At the pet store is a plastic cage full of ferrets, which the label says are “lively tubes of furry fun”. Thing is every time I’m in the pet store, the ferrets are sprawled out on their backs, sleeping, dozing tubes of socks that had a wee too wild a party last night. I’ll suppose they’re fun, but the evidence isn’t on stage there. Just as well. Right next to them are guinea pigs, whom I understand much better, because while they may not be tubes of fun or anything they are always looking around with an expression that says, “Are you certain I was supposed to be invited to this meeting?”

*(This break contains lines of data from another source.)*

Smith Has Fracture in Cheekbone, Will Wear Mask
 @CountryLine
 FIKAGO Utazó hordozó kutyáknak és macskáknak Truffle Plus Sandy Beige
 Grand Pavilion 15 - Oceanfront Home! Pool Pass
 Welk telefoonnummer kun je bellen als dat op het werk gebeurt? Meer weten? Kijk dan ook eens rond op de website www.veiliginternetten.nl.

My love and I were in the bookstore and leafed through Ray Davies’s book Americana: The Kinks, The Riff, The Road: The Story, and ran across a delightful little point. Apparently, in the mid-70s, when The Kinks had gotten really into doing complex stage shows performing their concept albums about the shifting mores and quiet existential despair of the British middle classes, Ray Davies would routinely choose to go to parties afterwards. But he didn’t want to be recognized and hassled throughout the parties, and I am sympathetic to this. I wouldn’t go to parties either if people kept asking me to sing “I’m Not Like Everybody Else”, though neither would they if they ever heard me singing. So for a while there he would go unrecognized at after-show parties by wearing the mask he’d been wearing during the show.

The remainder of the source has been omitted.